More recently, Shewan and Dalgarno (2005) mounted a longitudinal study of 126 long-term heroin users in Glasgow who had never undergone treatment. They found that some users carefully planned and controlled their use, incurring fewer negative social and health outcomes – in sharp contrast to other researched groups of heroin users….several studies have demonstrated that cocaine too can be used [in a controlled] way (Cohen and Sas, 1993, 1995; Ditton and Hammersley, 1994; Decorte, 2000).”

Occasional and controlled heroin use: Not a problem?

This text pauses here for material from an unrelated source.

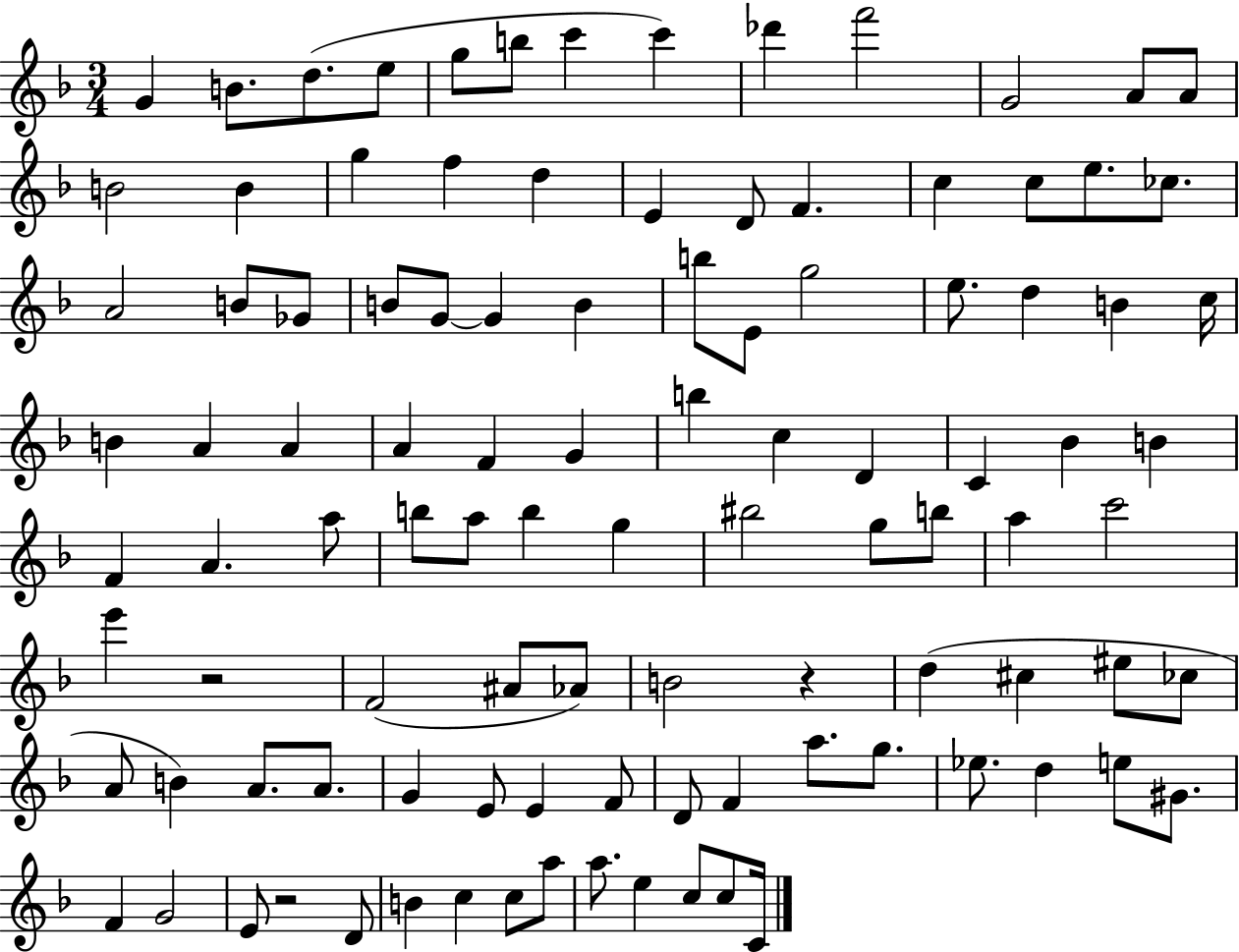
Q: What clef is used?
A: treble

It is notable likewise that not only are there these populations which use in a controlled and managed way, but that many of them had previously used ineffectively and were then able to use effectively. It stands to reason that controlled and managed use can be taught and induced. While currently individuals are left in a situation where it’s abstinence forever at risk of legal and social persecution or being left out in the cold of any help. While we are starting to catch on that drinking moderation is learnable (https://www.npr.org/sections/health-shots/2015/03/23/393651417/rethinking-alcohol-can-heavy-drinkers-learn-to-cut-back https://pubmed.ncbi.nlm.nih.gov/21319896/). There continues a pervasive public belief that other drugs are simply, unmanageable. If moderation gains further publicity and credibility in healthcare, as well as social favor, individuals are afforded more options in how they live their own lives and receive help in doing so.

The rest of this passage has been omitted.